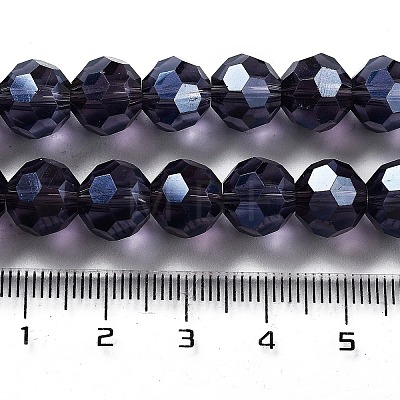 Electroplate Transparent Glass Beads Strands EGLA-A035-T10mm-A15-1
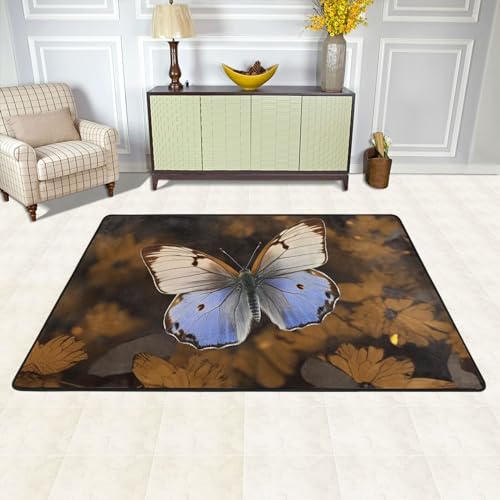 Tapis de sol marron avec papillon idéal pour cuisine et buanderie
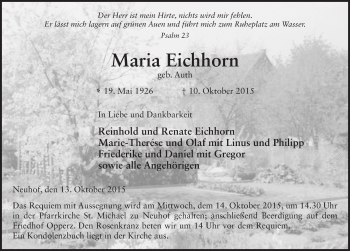 Traueranzeige von Maria Eichhorn 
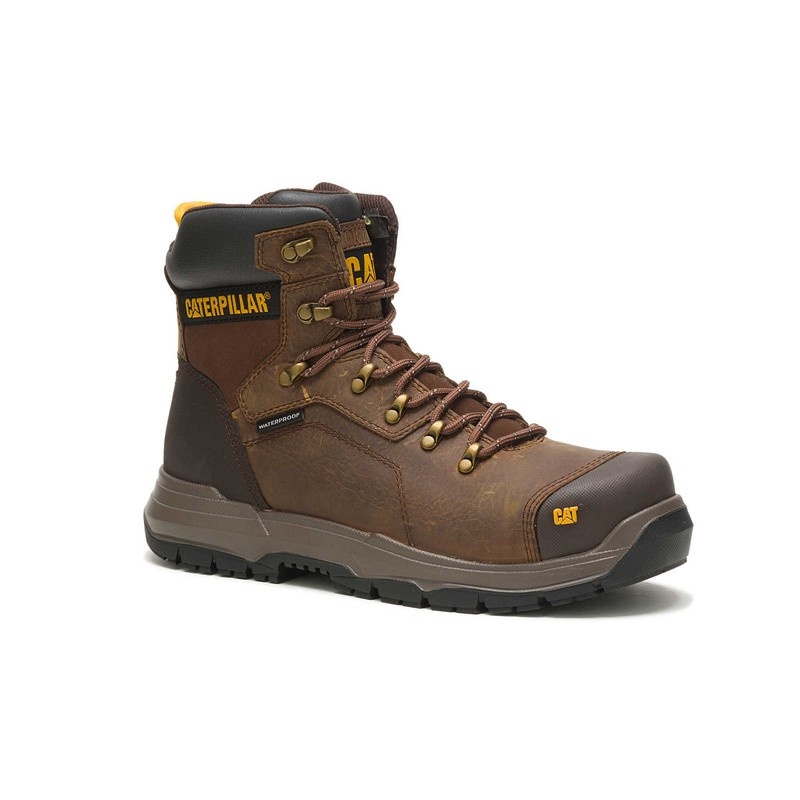 Men's CatFootweat Diagnostic 2.0 Waterproof Steel Toe Work Boots Brown | 5419-UPORH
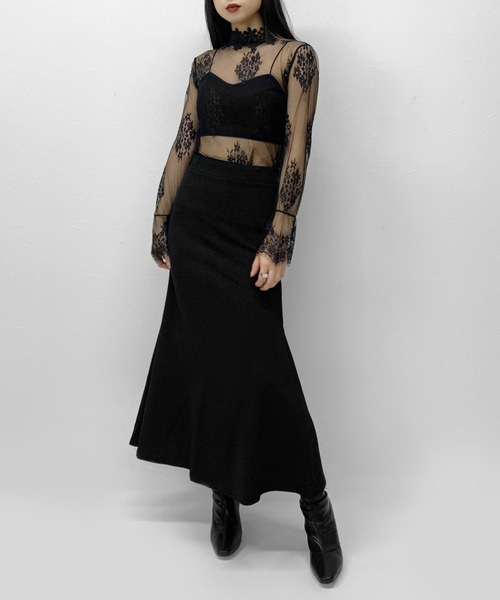 LVEU.（ラブユ.）の「【LVEU.】シースルーレースハイネックトップス / トップス カットソー シースルー シアー 刺繍 レース ハイネック レイヤード 花柄 フラワー ブラック ホワイト（Tシャツ/カットソー・レディース・ブラック/アイボリー・FREE）」の10枚目の写真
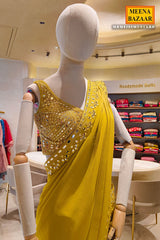 Graceful Mustard Saree With Elegant Embroidery Work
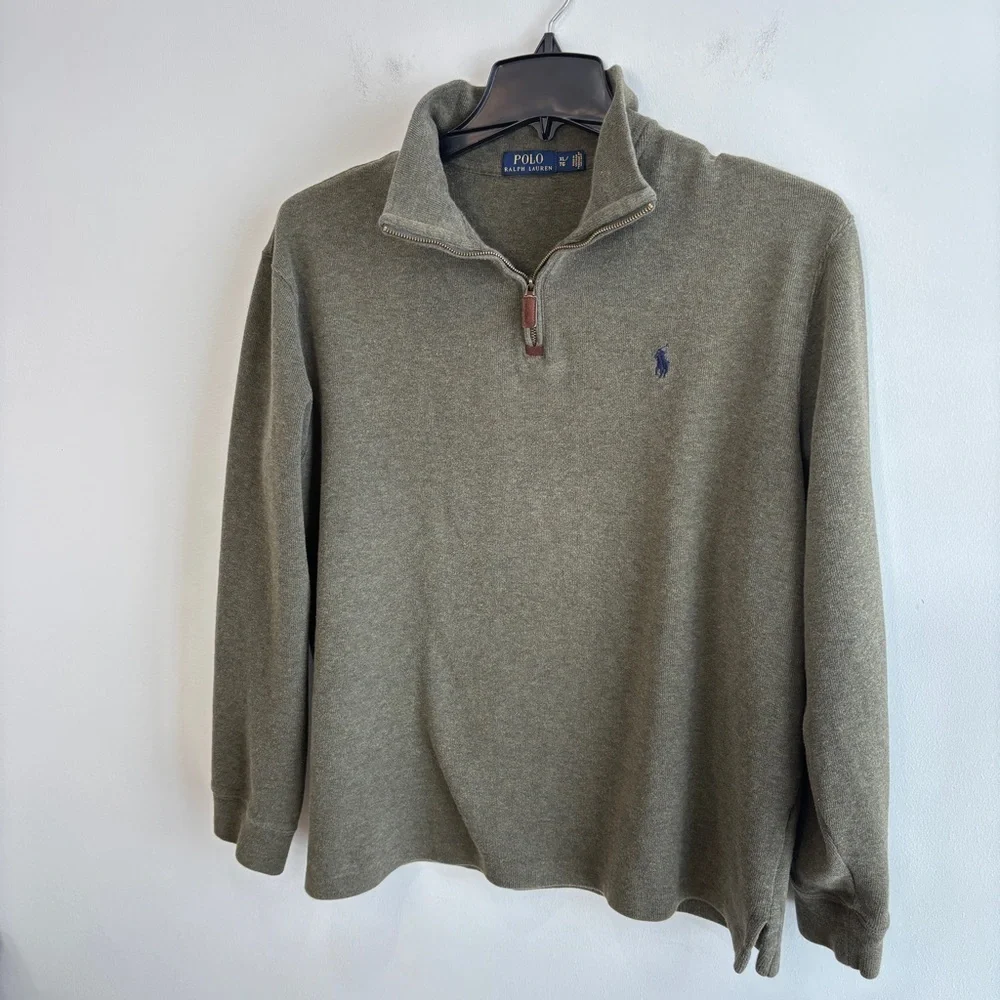 Polo Ralph Lauren Sweater Mens X-Large Estate Rib Green 1/4 Zip Cotton Pony Logo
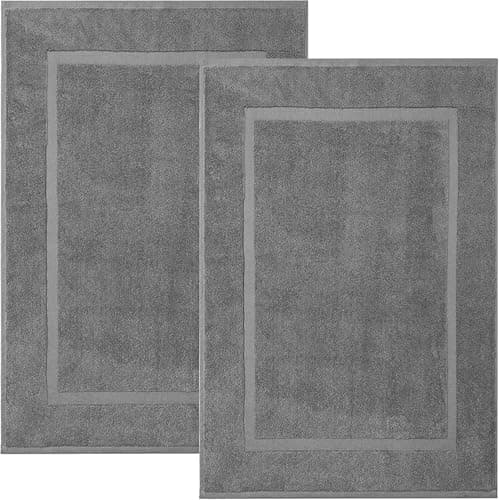 Image of HOUSEGADS 100% Cotton Bath Mats Terry Towelling Soft Touch Hotel Quality Shower Bathroom Mat Bath Floor Towel - Highly Absorbent and Machine Washable - Foot Towel - Door mat (2, Grey)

----------

▶ WORK TASK:
Without any picture, return exactly the lines of the records above from the first through the line that contains "Men's CatFootweat Diagnostic".

▶ EXERCISE RESPONSE:
 Electroplate Transparent Glass Beads Strands EGLA-A035-T10mm-A15-1
 Tapis de sol marron avec papillon idéal pour cuisine et buanderie
 Traueranzeige von Maria Eichhorn 
 Men's CatFootweat Diagnostic 2.0 Waterproof Steel Toe Work Boots Brown | 5419-UPORH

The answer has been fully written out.